### Label Encoding 
Label encoding and ordinal encoding are two techniques used to encode categorical data as numerical data.

Label encoding involves assigning a unique numerical label to each category in the variable. The labels are usually assigned in alphabetical order or based on the frequency of the categories.

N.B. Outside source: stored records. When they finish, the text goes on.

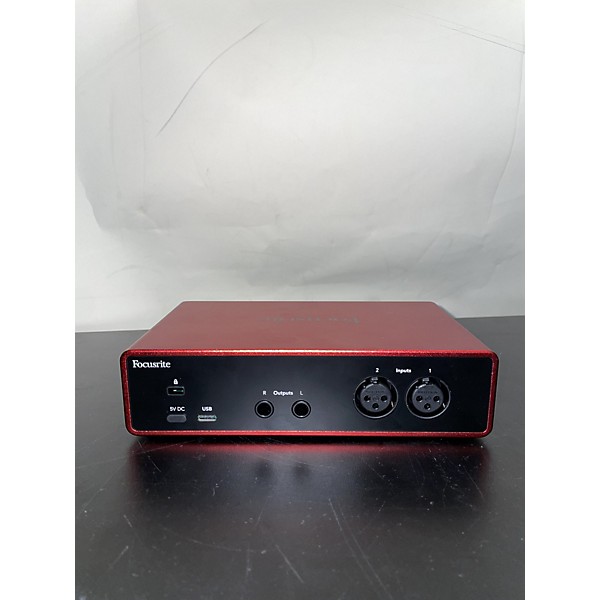 Used Focusrite Scarlett 2i2 Gen 4 Audio Interface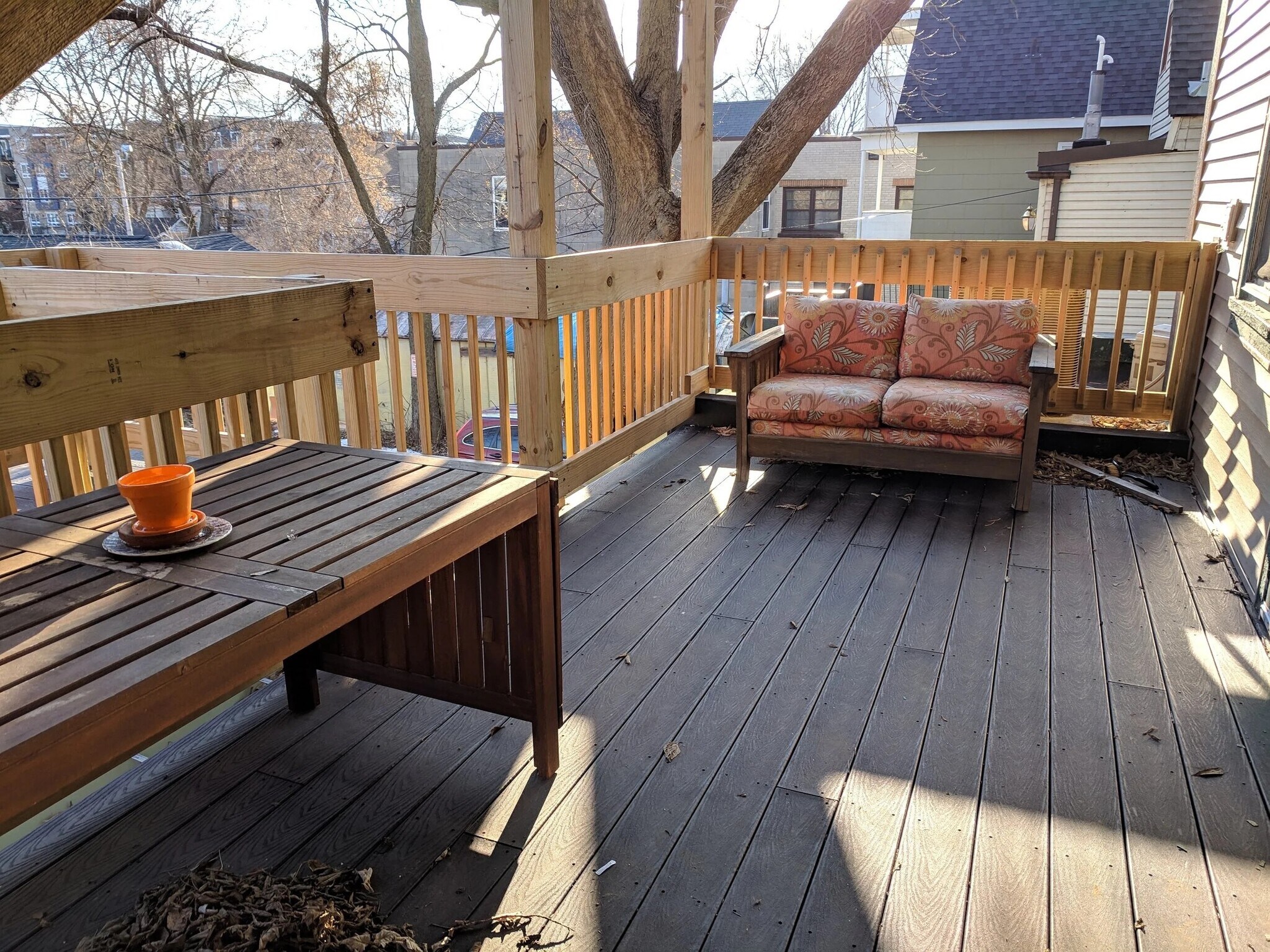 Building Photo - 823 E Johnson St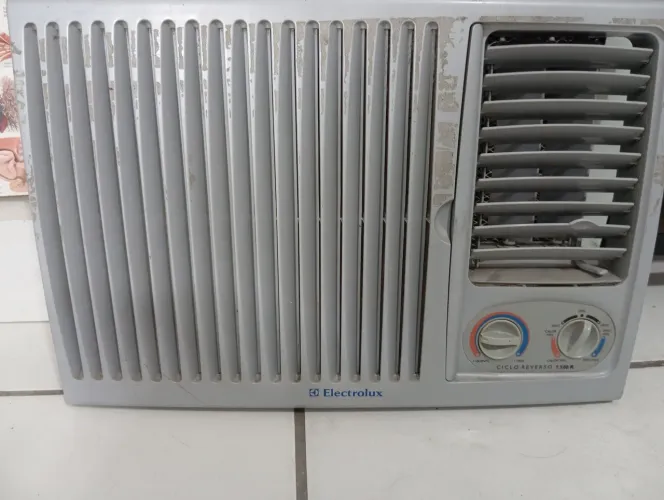 Ar condicionado em excelente estado de funcionamento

For example, if we have a categorical variable "color" with three possible values (red, green, blue), we can represent it using label encoding as follows:

1. Red: 0
2. Green: 1
3. Blue: 2

In [2]:
## Create a simple dataframe 
import pandas as pd
import numpy as np
df = pd.DataFrame({
    'color': ['red', 'blue', 'green', 'green', 'red', 'blue']
})

In [3]:
df

Unnamed: 0,color
0,red
1,blue
2,green
3,green
4,red
5,blue


In [8]:
from sklearn.preprocessing import LabelEncoder

label_encoder=LabelEncoder()

encoded_colors=label_encoder.fit_transform(df[['color']])
encoded_colors

  y = column_or_1d(y, warn=True)


array([2, 0, 1, 1, 2, 0])

In [14]:
encoded_data=pd.DataFrame(data=encoded_colors , columns=['Encoded color'])
final_df=pd.concat([df , encoded_data] , axis=1)
final_df

Unnamed: 0,color,Encoded color
0,red,2
1,blue,0
2,green,1
3,green,1
4,red,2
5,blue,0


#### New value

In [5]:
label_encoder.transform([['red']])

  y = column_or_1d(y, dtype=self.classes_.dtype, warn=True)


array([2])

In [6]:
label_encoder.transform([['blue']])

  y = column_or_1d(y, dtype=self.classes_.dtype, warn=True)


array([0])

In [7]:
label_encoder.transform([['green']])

  y = column_or_1d(y, dtype=self.classes_.dtype, warn=True)


array([1])

### Ordinal Encoding
It is used to encode categorical data that have an intrinsic order or ranking. In this technique, each category is assigned a numerical value based on its position in the order. For example, if we have a categorical variable "education level" with four possible values (high school, college, graduate, post-graduate), we can represent it using ordinal encoding as follows:

1. High school: 1
2. College: 2
3. Graduate: 3
4. Post-graduate: 4

In [15]:
from sklearn.preprocessing import OrdinalEncoder

In [16]:
# create a sample dataframe with an ordinal variable
df = pd.DataFrame({
    'size': ['small', 'medium', 'large', 'medium', 'small', 'large']
})

In [32]:
encoder=OrdinalEncoder(categories=[['small' , 'medium' , 'large']])
encoded_ranks=encoder.fit_transform(df[['size']])
encoded_ranks=encoded_ranks.flatten()
encoded_ranks

array([0., 1., 2., 1., 0., 2.])

In [34]:
encoded_df=pd.DataFrame(data=encoded_ranks , columns=['Size_encoded'])

final_df=pd.concat([df , encoded_df] , axis=1)
final_df


Unnamed: 0,size,Size_encoded
0,small,0.0
1,medium,1.0
2,large,2.0
3,medium,1.0
4,small,0.0
5,large,2.0